Hee-haw, y'all. The 2020 Democratic Presidential Primary

You’re not talking about the CNN article you just cited, I hope. Because the only “data” I see in there is Biden opinionating about the greatness of being a moderate.

Can you provide data that shows that McCain-Romney-Trump voters voted for Dems in 2018? I need to see this with my own eyes.

Or Bernie and Joe driving around elementary schools in an ice cream truck.

Creeeeepy!:eek:

Let’s start from the top.

  1. Turnout of D voters. It was up in 2018 for a midterm. Why? Some major candidate on the D side who promised disruptive change? Nah. The unifying motivator was voting against Trump and Trumpism, changing that. So key D blocs came out including even groups that often don’t as much. Including younger voters, Hispanic voters, Asian voters, so on. This was not a turnout for a personality that promised to disrupt the establishment, it was wanting to change course from Trumpism. Yes in the general they also need positive articulated vision to vote for and we cannot let our primary process get to a point that we turn all these people off. But they are not uniformly voting for disruption.

  2. Swingable voters. By definition those who had voted for Obama and then went to Trump (and the Romney-Clinton ones) are swingable, as they have been swung. These are voters who can easily become anti-incumbent whoever is in that place. Their numbers are not small, per the Voter Study Group Obama-Trump voters were 5% of the electorate., and more importantly they are concentrated in the states that the D candidate really HAS to win, such as Michigan and Wisconsin (see this map), and in a few that matter lots for the Senate (Maine and Iowa).

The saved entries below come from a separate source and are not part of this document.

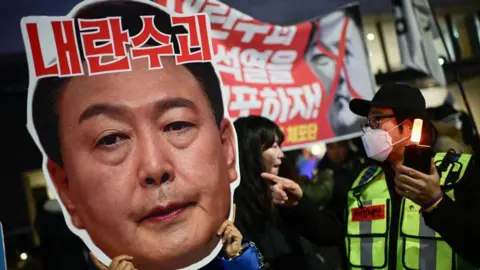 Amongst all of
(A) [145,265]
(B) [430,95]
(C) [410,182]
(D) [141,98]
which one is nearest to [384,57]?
(B) [430,95]

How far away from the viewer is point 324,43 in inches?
123

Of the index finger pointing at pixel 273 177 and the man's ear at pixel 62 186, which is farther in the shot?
the index finger pointing at pixel 273 177

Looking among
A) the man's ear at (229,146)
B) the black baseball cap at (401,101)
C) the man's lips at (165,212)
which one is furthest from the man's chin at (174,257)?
the black baseball cap at (401,101)

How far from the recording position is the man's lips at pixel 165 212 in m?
2.42

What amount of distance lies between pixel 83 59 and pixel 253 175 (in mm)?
964

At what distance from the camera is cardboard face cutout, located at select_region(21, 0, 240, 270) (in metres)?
2.34

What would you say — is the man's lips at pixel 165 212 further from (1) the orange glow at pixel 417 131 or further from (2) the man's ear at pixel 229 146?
(1) the orange glow at pixel 417 131

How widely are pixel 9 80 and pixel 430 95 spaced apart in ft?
7.77

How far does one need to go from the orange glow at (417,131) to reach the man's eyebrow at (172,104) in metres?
0.97

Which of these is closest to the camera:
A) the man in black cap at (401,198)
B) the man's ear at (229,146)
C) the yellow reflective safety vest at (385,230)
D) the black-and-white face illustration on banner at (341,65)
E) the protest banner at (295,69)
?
the man in black cap at (401,198)

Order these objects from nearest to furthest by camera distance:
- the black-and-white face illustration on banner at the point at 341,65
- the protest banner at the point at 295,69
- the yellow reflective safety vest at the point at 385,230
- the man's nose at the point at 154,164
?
1. the man's nose at the point at 154,164
2. the yellow reflective safety vest at the point at 385,230
3. the protest banner at the point at 295,69
4. the black-and-white face illustration on banner at the point at 341,65

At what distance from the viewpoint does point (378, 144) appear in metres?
2.57

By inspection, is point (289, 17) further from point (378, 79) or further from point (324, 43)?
point (378, 79)

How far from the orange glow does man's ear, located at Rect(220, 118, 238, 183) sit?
823mm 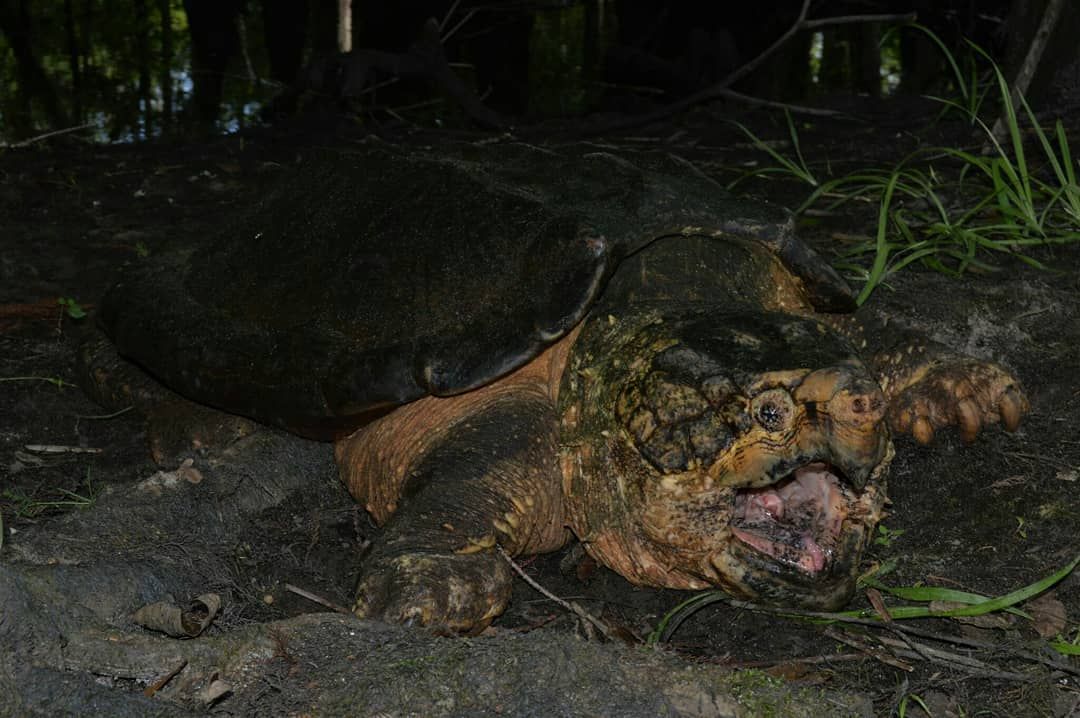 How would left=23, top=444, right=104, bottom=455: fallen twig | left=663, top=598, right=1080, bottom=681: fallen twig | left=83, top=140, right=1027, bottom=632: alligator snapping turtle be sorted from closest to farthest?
left=663, top=598, right=1080, bottom=681: fallen twig → left=83, top=140, right=1027, bottom=632: alligator snapping turtle → left=23, top=444, right=104, bottom=455: fallen twig

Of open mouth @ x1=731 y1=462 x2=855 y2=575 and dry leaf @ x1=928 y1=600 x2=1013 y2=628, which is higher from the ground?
open mouth @ x1=731 y1=462 x2=855 y2=575

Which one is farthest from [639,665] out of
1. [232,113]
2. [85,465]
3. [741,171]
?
[232,113]

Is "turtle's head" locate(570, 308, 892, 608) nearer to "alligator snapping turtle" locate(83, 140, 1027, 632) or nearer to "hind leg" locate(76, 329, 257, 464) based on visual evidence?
"alligator snapping turtle" locate(83, 140, 1027, 632)

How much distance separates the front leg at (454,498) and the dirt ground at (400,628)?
134 millimetres

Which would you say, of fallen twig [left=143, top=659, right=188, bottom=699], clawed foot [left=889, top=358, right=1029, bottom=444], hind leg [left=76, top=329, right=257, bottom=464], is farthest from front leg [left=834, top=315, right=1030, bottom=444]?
fallen twig [left=143, top=659, right=188, bottom=699]

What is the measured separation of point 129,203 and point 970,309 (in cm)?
415

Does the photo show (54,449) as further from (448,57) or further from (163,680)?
(448,57)

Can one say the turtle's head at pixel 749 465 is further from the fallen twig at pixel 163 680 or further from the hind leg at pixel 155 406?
the hind leg at pixel 155 406

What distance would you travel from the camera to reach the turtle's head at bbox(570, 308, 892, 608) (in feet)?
8.23

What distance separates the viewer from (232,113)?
9.66 meters

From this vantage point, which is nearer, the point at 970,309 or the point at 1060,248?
the point at 970,309

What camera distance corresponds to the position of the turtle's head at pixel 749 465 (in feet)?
8.23

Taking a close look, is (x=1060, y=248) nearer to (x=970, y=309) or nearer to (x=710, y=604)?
(x=970, y=309)

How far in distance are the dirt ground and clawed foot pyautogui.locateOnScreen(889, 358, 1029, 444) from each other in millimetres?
79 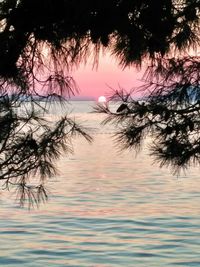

  3. Specific states. Yes the specific states matter.
    As to SlackerInc’s claim, there is this Vox bit that somewhat addresses it -

This cohort may matter less in PA, MI, and WI, but in some of the hot Senate races they could be the deciding piece. They are, per that article, feeling defined out of the current GOP, and they still vote.

They are also swingable.

I see DSeid partially ninja’d me, but I don’t feel like editing. Enjoy a partial repeat:

No, I am talking about in-depth data analysis I posted weeks ago. But rather than find that post, I will just Google anew. Plenty of other sources out there:

And a Republican who switches counts twice as much as a Democrat who was motivated to come out after previously staying home.

Satisfied?

There’s compelling evidence in that article, so I’m less skeptical of the “play it safe” strategy than I was before reading it.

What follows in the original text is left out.